Top of Source material

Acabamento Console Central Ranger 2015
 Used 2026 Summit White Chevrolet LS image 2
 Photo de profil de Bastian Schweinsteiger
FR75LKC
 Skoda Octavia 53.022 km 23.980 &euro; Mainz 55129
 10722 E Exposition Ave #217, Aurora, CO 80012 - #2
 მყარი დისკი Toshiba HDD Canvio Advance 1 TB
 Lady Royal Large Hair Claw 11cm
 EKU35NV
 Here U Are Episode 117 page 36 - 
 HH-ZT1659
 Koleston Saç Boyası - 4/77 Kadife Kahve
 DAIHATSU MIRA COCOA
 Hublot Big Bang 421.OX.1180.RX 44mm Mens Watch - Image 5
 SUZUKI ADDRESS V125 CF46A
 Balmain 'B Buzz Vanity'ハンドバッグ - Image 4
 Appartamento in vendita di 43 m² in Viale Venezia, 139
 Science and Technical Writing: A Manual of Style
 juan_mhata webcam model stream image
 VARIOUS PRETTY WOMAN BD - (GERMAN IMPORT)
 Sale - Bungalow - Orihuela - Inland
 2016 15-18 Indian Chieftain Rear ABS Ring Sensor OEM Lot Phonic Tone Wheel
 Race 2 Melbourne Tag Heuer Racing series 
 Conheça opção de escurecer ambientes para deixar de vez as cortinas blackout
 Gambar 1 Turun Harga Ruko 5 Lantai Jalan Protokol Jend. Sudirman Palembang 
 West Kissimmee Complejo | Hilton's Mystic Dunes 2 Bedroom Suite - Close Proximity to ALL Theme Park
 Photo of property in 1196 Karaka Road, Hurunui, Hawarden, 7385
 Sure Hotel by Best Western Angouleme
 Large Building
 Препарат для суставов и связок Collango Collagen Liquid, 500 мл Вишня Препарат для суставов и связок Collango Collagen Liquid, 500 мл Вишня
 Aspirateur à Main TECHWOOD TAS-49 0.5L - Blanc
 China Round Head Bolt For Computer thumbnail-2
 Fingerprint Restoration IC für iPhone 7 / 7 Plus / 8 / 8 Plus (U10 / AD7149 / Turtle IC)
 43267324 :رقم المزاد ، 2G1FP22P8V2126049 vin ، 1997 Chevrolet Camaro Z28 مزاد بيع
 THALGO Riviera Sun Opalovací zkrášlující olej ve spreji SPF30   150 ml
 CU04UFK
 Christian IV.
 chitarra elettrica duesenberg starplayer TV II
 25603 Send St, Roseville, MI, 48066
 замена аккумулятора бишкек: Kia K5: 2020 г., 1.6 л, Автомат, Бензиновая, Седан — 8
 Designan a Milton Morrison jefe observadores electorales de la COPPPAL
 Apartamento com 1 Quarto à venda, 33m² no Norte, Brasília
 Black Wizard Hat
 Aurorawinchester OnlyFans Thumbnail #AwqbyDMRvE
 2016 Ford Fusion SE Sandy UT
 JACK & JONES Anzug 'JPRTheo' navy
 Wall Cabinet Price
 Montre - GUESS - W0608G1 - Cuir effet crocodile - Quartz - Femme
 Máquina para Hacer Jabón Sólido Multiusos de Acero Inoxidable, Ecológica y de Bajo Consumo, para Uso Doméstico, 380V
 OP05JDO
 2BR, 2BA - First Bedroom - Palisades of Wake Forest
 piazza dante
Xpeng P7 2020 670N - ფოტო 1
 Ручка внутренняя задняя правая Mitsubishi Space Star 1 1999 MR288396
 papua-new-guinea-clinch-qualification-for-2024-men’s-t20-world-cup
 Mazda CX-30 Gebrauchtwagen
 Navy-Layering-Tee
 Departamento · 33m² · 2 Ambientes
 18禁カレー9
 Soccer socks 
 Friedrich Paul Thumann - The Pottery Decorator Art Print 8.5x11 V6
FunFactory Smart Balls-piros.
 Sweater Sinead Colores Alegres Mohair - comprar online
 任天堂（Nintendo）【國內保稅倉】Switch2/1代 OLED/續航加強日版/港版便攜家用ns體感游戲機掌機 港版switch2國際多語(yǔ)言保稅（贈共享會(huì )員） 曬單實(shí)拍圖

Bottom of Source material

### Task instructions
The answer is the line with "JACK & JONES Anzug 'JPRTheo' navy" plus every line after it, printed exactly as they appear above.

### Result of the exercise
 JACK & JONES Anzug 'JPRTheo' navy
 Wall Cabinet Price
 Montre - GUESS - W0608G1 - Cuir effet crocodile - Quartz - Femme
 Máquina para Hacer Jabón Sólido Multiusos de Acero Inoxidable, Ecológica y de Bajo Consumo, para Uso Doméstico, 380V
 OP05JDO
 2BR, 2BA - First Bedroom - Palisades of Wake Forest
 piazza dante
Xpeng P7 2020 670N - ფოტო 1
 Ручка внутренняя задняя правая Mitsubishi Space Star 1 1999 MR288396
 papua-new-guinea-clinch-qualification-for-2024-men’s-t20-world-cup
 Mazda CX-30 Gebrauchtwagen
 Navy-Layering-Tee
 Departamento · 33m² · 2 Ambientes
 18禁カレー9
 Soccer socks 
 Friedrich Paul Thumann - The Pottery Decorator Art Print 8.5x11 V6
FunFactory Smart Balls-piros.
 Sweater Sinead Colores Alegres Mohair - comprar online
 任天堂（Nintendo）【國內保稅倉】Switch2/1代 OLED/續航加強日版/港版便攜家用ns體感游戲機掌機 港版switch2國際多語(yǔ)言保稅（贈共享會(huì )員） 曬單實(shí)拍圖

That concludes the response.